Comment avez-vous suivi la formation militaire ? 

Rassurez-vous Monsieur que je n’invente rien. Les formations ont eu lieu à Sonfonia, je me rappelle du colonel Bala Samoura qui était notre officier du centre, il y a également le lieutenant-colonel Mamadou Alpha Barry, porte-parole de la Gendarmerie, c’était notre formateur, il n’était pas colonel à l’époque. Je me souviens aussi du commandant AKB (Abdoul Karim Barry), second formateur je pense, un certain Alabi et tant d’autres. Le Commandant Mansaré était notre commandant d’escadron.

La formation a duré combien de temps et quel est le matricule qu’on vous a attribué après ?

La formation commune de base a duré 6 mois, suivi du port de la tenue, entre temps le CNDD est venu au pouvoir en décembre 2008 après la mort du Général Conté. Les matricules nous ont été attribués, nous avons commencé à percevoir nos soldes en 2009. Mon matricule c’est le 29243 G.

Dans quelles unités vous-a-t-on affecté après votre engagement ? 

Ma première mutation c’est à la gendarmerie départementale de Yimbaya, gérée à l’époque par le Colonel Julien. Après Yimbaya on m’a envoyé à Kokoma dans Sonfonia-Gare. Le Colonel François était le commandant de cette unité. Après j’ai été muté à la gendarmerie de Coyah chez le Commandant Josimo qui est actuellement en service à Boké.

Dans quelles circonstances avez-vous été radié des effectifs de la Gendarmerie ?

C’est en 2012 à partir de Coyah où j’étais en service. Après avoir pris mon dernier salaire, je me  souviens c’était le 31 Mars 2012. Quelque temps après, notre comptable de Coyah m’a dit d’aller au camp Samory pour un recensement. C’est là que les choses ont commencé à basculer pour moi. Je me suis rendu au camp Samory au BQG (Bataillon du Quartier Général, Ndlr) précisément, on m’a dit d’aller au Haut Commandement, mon recensement est prévu là-bas. De là, aussi on m’a renvoyé au camp Samory, une démarche qui a duré 5 jours sans que je ne sois recensé. Entre temps je suis tombé malade, j’ai eu des maux tête aigus suivis de crises. C’est ma famille même qui est partie me chercher à Conakry pour m’envoyer à Fello Koundoua dans Tougué pour un traitement.

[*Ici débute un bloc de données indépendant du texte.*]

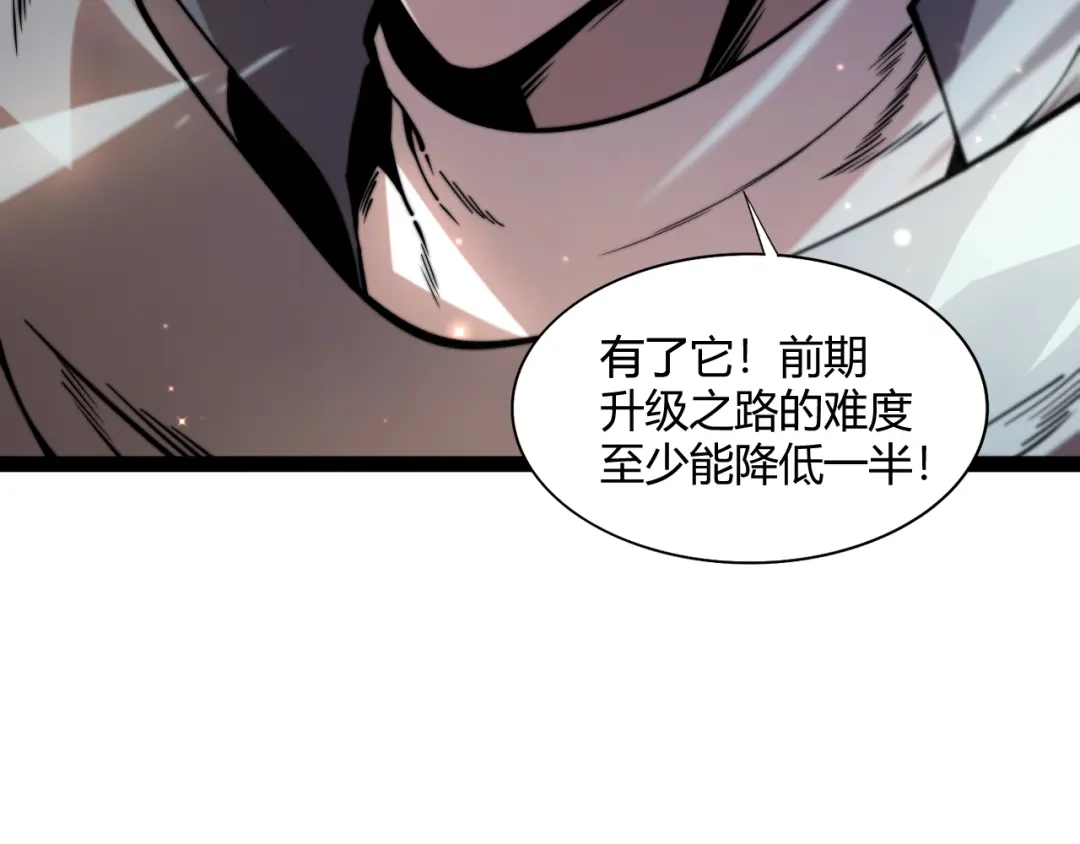 002隐藏任务！越级击杀领主！-重生之贼行天下-发飙的蜗牛/阅文集团起点中文网+黑鸟社（第4张）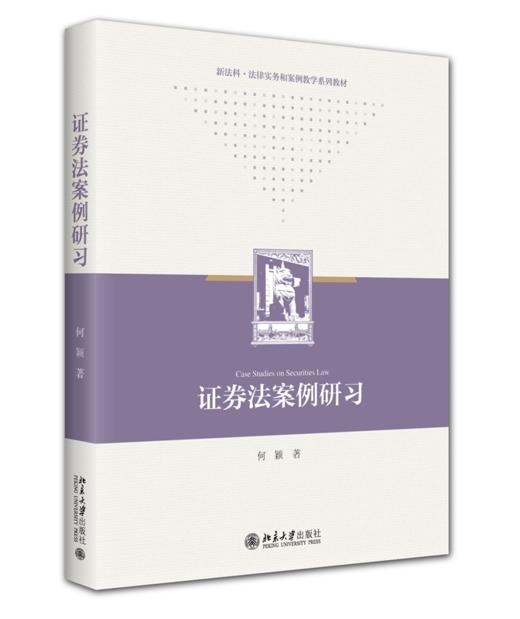 证券法案例研习 何颖 著 北京大学出版社 商品图0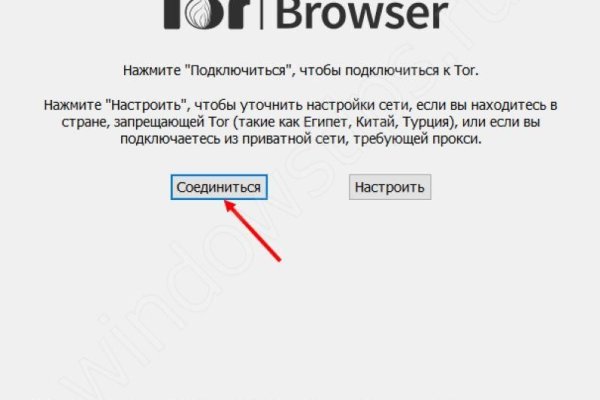 Kra39.cc Вход на сайт главная страница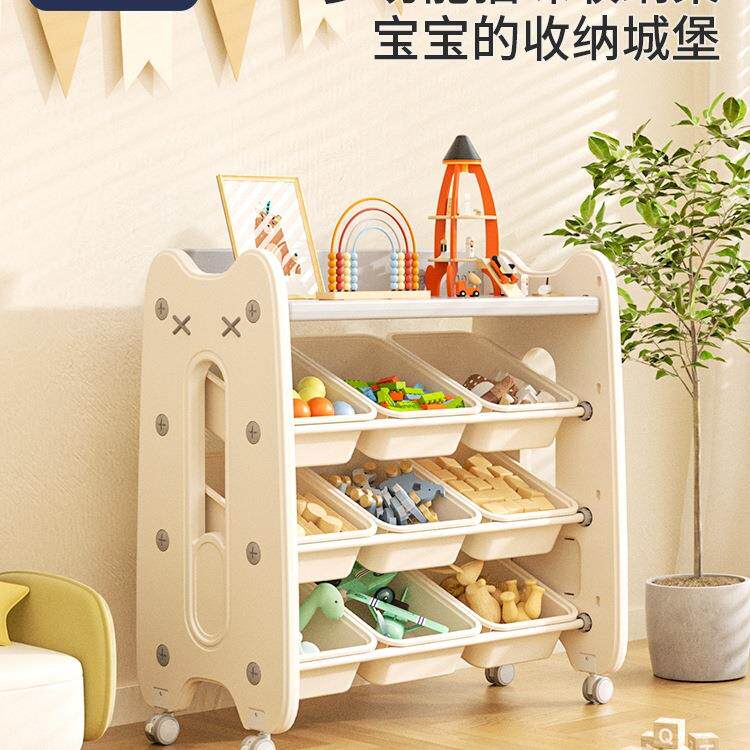 儿童玩具收纳架宝宝家用储物柜置物架分类多层大容量箱
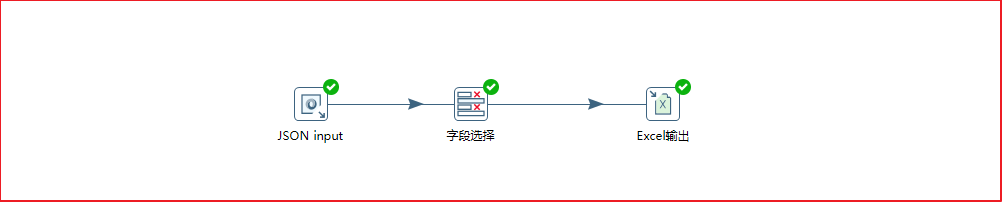1570416693317
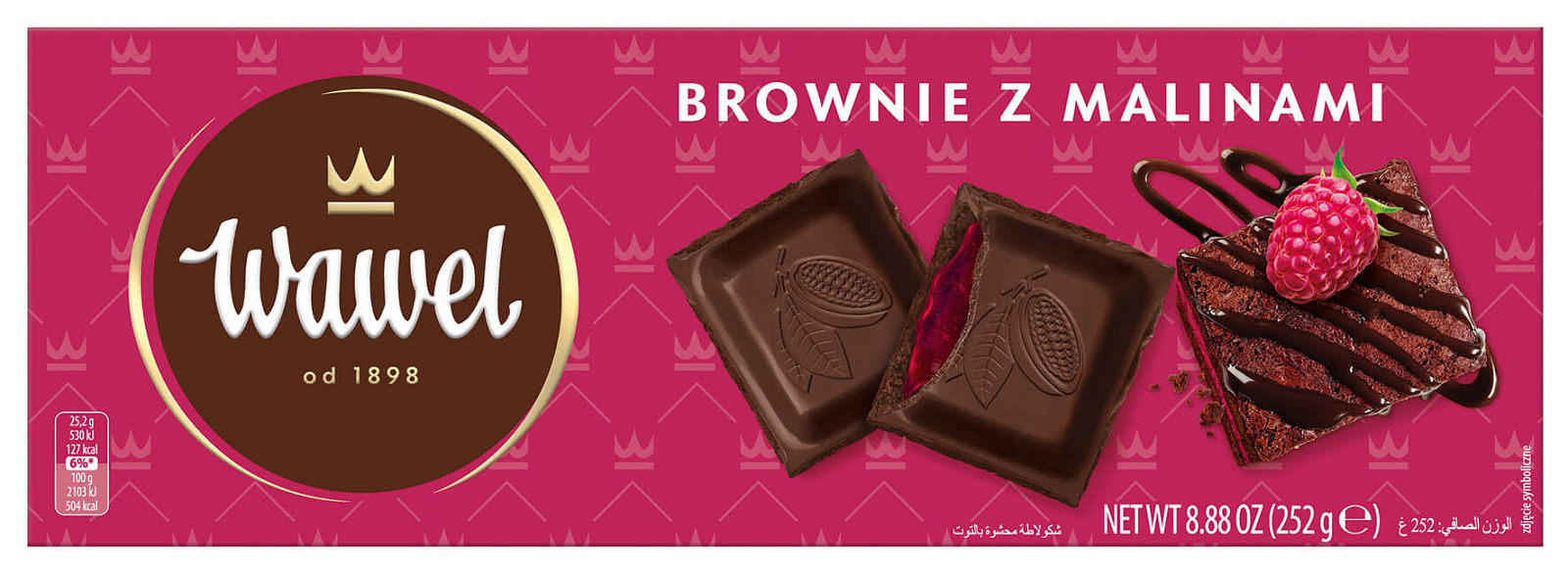 Pełne zdjęcie produktu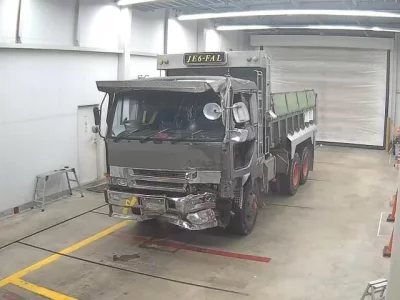 Mitsubishi FUSO TRUCK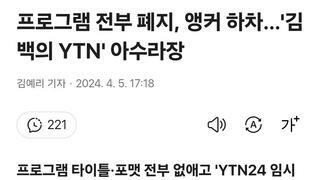 프로그램 전부 폐지, 앵커 하차…'김백의 YTN' 아수라장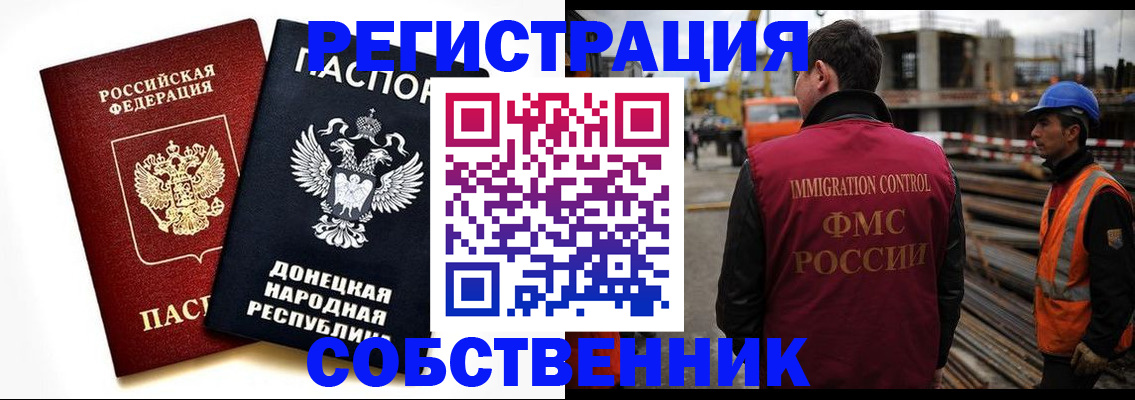 временная регистрация недорого в Улан-Удэ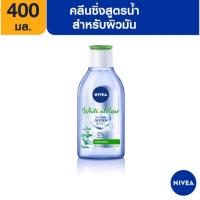 ราคา นีเวีย ไมเซล่า เช็ดเครื่องสำอาง 125 มล NIVEA micella 125 ml (21388284642)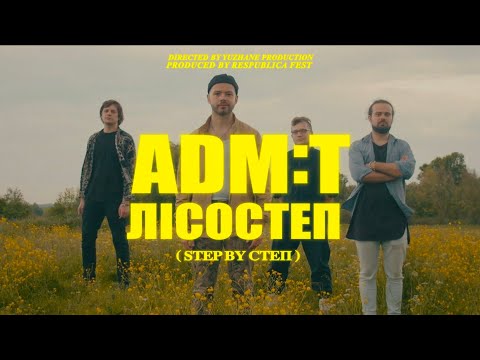 adm:t - лісостеп (step by степ)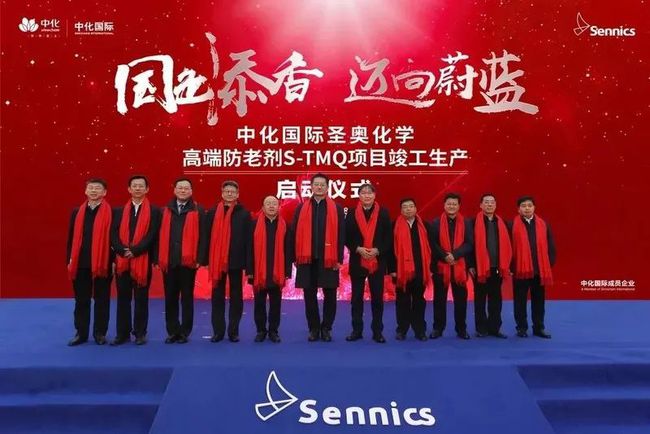 中化国际科技前沿产品革新引领未来生活潮流的最新消息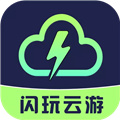 闪玩云游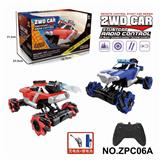 OBL10224377 - 1:16大攀爬带喷雾灯光侧行车 （2.4G包电）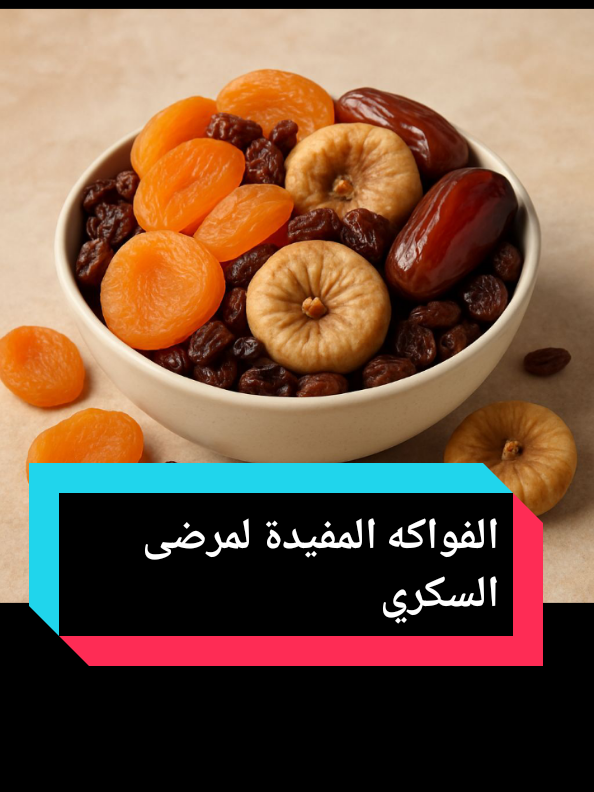 #فوائد #الفواكه #فواكه #فوائد_صحية #علاج_طبيعي #علاج_بالاعشاب #معلومات #وصفات #وصفة #طبيب_تيك_توك #طبيب_تك_توك #الشعب_الصيني_ماله_حل😂😂 #اللهم_صلي_على_نبينا_محمد #اللهم_صل_وسلم_على_نبينا_محمد #صلي_علي_النبي #صلوا_على_رسول_الله #اكسبلور #explore #tik_tok #foryoupage❤️❤️ #tiktoklongs #tiktokviews #tiktoknews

Aviez-vous pu vous recenser avant votre évacuation ? 

Je ne me rappelle plus qui et qui j’ai rencontré au camp Samory mais au Haut Commandement j’ai rencontré le colonel Mohamed V qui m’avait dit qu’il allait m’aider afin que je me recense au haut commandement mais nous n’avons pas pu trouver la solution. Je n’ai vu personne d’autres qui devrait se recenser comme moi, je ne connaissais que mon cas. 

Aviez-vous pris la permission avant d’aller pour votre traitement ?

Effectivement j’avais pris la permission.

Votre traitement a duré combien de temps ? 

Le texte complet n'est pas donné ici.